Final answer:
To react completely with 25.5 mL of a 4.65 M barium hydroxide solution, 79.05 mL of a 3.00 M hydrochloric acid solution is required, according to the balanced chemical reaction and stoichiometry.
Step-by-step explanation:
To determine how many milliliters of a 3.00 M hydrochloric acid solution would be required to react with 25.5 ml of a 4.65 M barium hydroxide solution, we need to first write the balanced chemical equation for the reaction:
HCl (aq) + Ba(OH)2 (aq) -> BaCl2 (aq) + 2H2O (l)
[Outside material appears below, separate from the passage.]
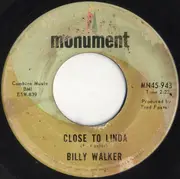 7inch Vinyl Single - Billy Walker - A Million And One / Close To Linda - company sleeve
From the equation, we see that two moles of HCl are required to react with one mole of Ba(OH)2. So, we need to calculate the number of moles of Ba(OH)2 we have:
Number of moles of Ba(OH)2 = Volume (L) × Molarity (M)
= 0.0255 L × 4.65 M
= 0.118575 mol
Since the stoichiometry of the reaction requires two moles of HCl per mole of Ba(OH)2, we need
Number of moles of HCl needed = 0.118575 mol × 2
= 0.23715 mol
Finally, we use the molarity of the HCl solution to find out the volume needed:
Volume of HCl solution (L) = Number of moles of HCl ÷ Molarity of HCl
Volume of HCl solution (L) = 0.23715 mol ÷ 3.00 M
= 0.07905 L
Convert liters to milliliters:
Volume of HCl solution (mL) = 0.07905 L × 1000 mL/L
= 79.05 mL